Amid a lack of opportunities and a broken system, many children and young people in Mexico are exposed to falling into the grip of organized crime.
As drug cartels in Mexico continue to grow, so do their ranks. That is why they have developed a recruitment mechanism, sometimes voluntary but more often forced, targeting children and adolescents who are lured in with deception and promises that are never fulfilled.
To address the problem, the administration of former President Andrés Manuel López Obrador launched in 2018 a series of social programs offering monthly financial stipends, known as "becas," along with opportunities for young people to learn a trade, aimed at steering them away from organized crime.
But according to an investigation by Animal Político, despite heavy federal investment, the recruitment of young people, as well as their involvement in crimes linked to organized crime, has increased by nearly 150% in recent years, rising from 56,502 cases between 2012 and 2018 to 140,444 cases between 2018 and 2024.
Under the slogan "Grantees yes, hitmen no," López Obrador's government spent nearly $7 billion during his administration to fund these programs. In the first year of Claudia Sheinbaum's administration, the federal government approved an additional $1.3 billion to continue funding them, which authorities say has helped contain recruitment and violence.
Despite the heavy investment, the number of people ages 18 to 29 arrested for drug dealing and homicide has continued to rise. According to Animal Político's analysis, between January and May 2025, state prosecutors reported 9,309 arrests of young people linked to drug-trafficking cases.
The monthly average, 1,862 young people arrested, is more than 300% higher than in 2012, the first year of Enrique Peña Nieto's administration.
Among minors, arrests increased by nearly 80% between 2018 and 2024 compared with the 2006–2012 period, and by 2.2% compared with 2012–2018.
Child rights expert Juan Martín Pérez García told Animal Político that the figures should not be read solely as an increase in youth crime, but as an indicator of high vulnerability and recruitment by criminal groups that view adolescents as a readily available and replaceable population.
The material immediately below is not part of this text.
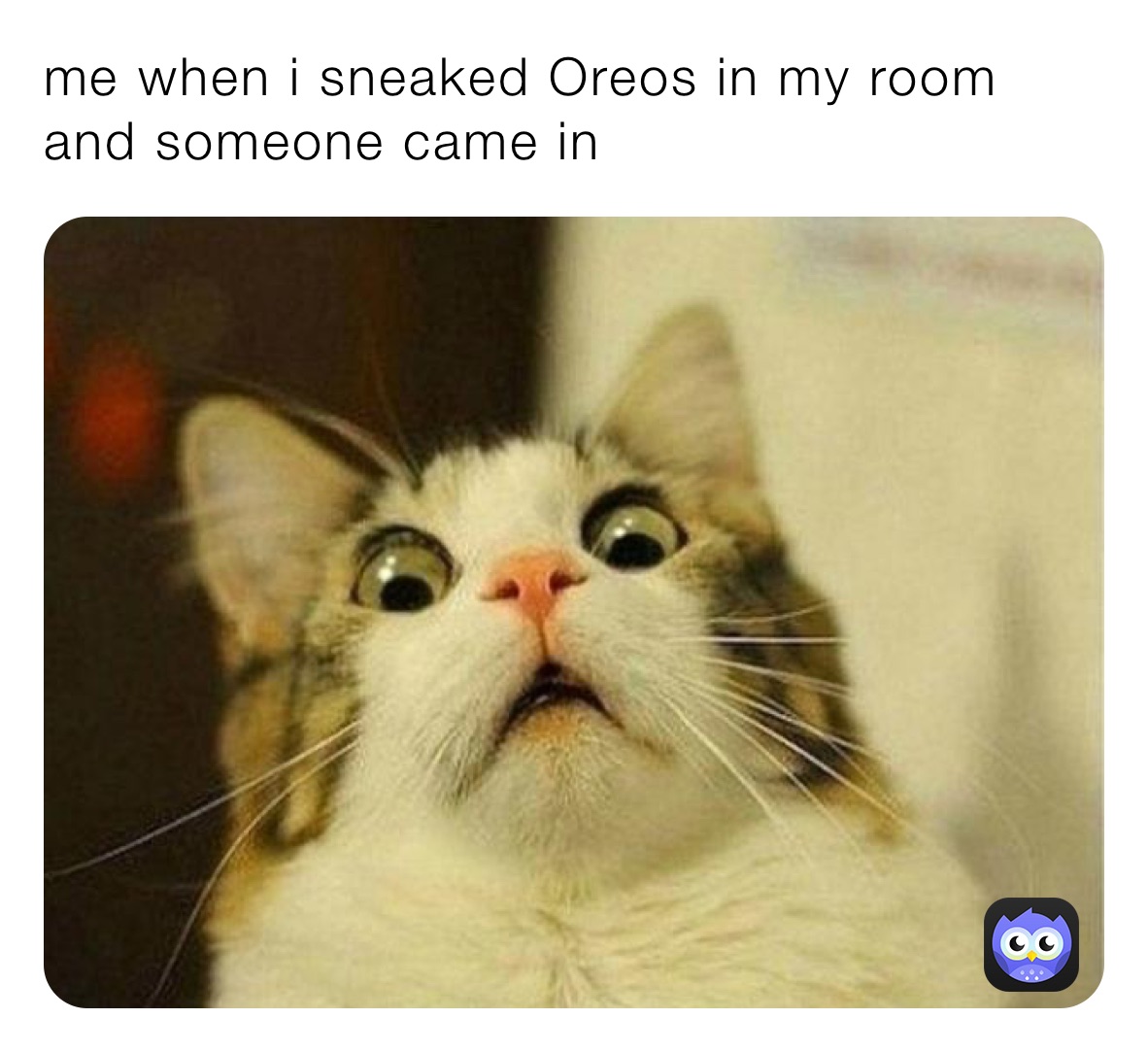 me when i sneaked Oreos in my room and someone came in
In that sense, he said, the issue is not how many children and young people commit crimes, but how many are in vulnerable conditions that make them susceptible to recruitment by organized crime.
In recent years, Mexican drug cartels have adopted new recruitment strategies to convince children and young people to join their ranks. Beyond traditional street recruitment, criminal groups now use fake job postings and deceptive offers on social media. Those who fall for the schemes are later kidnapped and forced to join the groups.
As previously noted by The Latin Times, Mexican drug cartels increasingly target vulnerable teenagers online.
Social media platforms such as Facebook, Snapchat and TikTok, along with encrypted messaging apps like Telegram and WhatsApp, are used by the cartels to display wealth, cars and weapons, as well as to intimidate rival groups by publicizing crimes and issuing threats.
In its analysis, Animal Político noted that Mexico lacks a precise way to measure the recruitment of minors and young people because it is not classified as a specific crime.
Juan Martín Pérez García, coordinator of the organization Tejiendo Redes Infancia, told the outlet there are no records or databases that allow authorities to determine how many children and young people are actually being recruited.
"If it's not classified as a crime, it doesn't exist: there's no data, no obligation to account for it," Pérez said.